Reste le vrai sujet du soir : la semaine qui vient de se vider. Sur les métiers techniques, second œuvre, BTP, industrie, les missions repartent vite quand on s'y met tout de suite. Autant retrouver une mission rapidement pendant que ton dossier avec l'agence se règle.

C'est quoi une souplesse en intérim ?

L'aménagement du terme de ta mission, prévu au contrat, qui permet d'avancer ou de reporter la date de fin dans des limites fixées par la loi. « Souplesse » est le mot du quotidien, « aménagement du terme » le nom juridique.

Quelle est la durée de la période de souplesse dans un contrat intérimaire ?

Un jour pour cinq jours de travail. Deux jours si la mission fait moins de dix jours de travail. Et la réduction ne peut jamais dépasser dix jours de travail.

Comment calculer la période de souplesse en intérim ?

Divise le nombre de jours de travail prévus par cinq. Une mission de 15 jours de travail donne 3 jours de souplesse, dans un sens comme dans l'autre. Les cas particuliers sont sur la page dédiée à la souplesse.

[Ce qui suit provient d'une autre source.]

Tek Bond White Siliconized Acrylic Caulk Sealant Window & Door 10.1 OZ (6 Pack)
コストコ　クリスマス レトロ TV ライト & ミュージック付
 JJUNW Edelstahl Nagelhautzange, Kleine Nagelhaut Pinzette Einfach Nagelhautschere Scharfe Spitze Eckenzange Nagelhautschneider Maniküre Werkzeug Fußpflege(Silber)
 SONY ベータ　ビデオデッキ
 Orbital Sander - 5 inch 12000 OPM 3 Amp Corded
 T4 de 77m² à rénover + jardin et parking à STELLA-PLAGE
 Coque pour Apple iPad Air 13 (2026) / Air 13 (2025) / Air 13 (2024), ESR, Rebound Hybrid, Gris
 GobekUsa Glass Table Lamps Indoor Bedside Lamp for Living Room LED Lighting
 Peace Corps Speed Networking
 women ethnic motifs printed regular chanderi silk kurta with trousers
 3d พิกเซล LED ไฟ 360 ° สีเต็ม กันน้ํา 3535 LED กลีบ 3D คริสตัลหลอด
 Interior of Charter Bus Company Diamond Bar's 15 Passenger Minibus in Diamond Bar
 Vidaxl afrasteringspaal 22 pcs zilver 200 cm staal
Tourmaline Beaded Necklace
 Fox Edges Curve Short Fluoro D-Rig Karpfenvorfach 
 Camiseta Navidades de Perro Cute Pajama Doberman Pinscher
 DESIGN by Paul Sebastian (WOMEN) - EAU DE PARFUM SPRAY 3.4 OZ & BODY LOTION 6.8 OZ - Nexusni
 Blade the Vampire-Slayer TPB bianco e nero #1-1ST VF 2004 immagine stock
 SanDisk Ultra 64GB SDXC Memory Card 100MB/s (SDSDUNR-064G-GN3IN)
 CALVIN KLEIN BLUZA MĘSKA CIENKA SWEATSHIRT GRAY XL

Y a-t-il un délai de prévenance pour la souplesse ?

Aucun délai légal. Seuls ton contrat de mission, un accord d'entreprise ou un accord de branche peuvent en prévoir un.

Puis-je quitter une mission d'intérim pendant la souplesse ?

Partir avant le terme aménagé s'analyse comme une rupture à ton initiative, avec la perte de l'IFM à la clé. Avant de claquer la porte, regarde les démarches pour arrêter une mission d'intérim.

Est-ce que je perds mes IFM si la mission est écourtée ?

Non quand c'est l'aménagement du terme qui s'applique, ton IFM reste due sur les jours travaillés. Oui si c'est toi qui refuses la souplesse, selon la circulaire de 1992.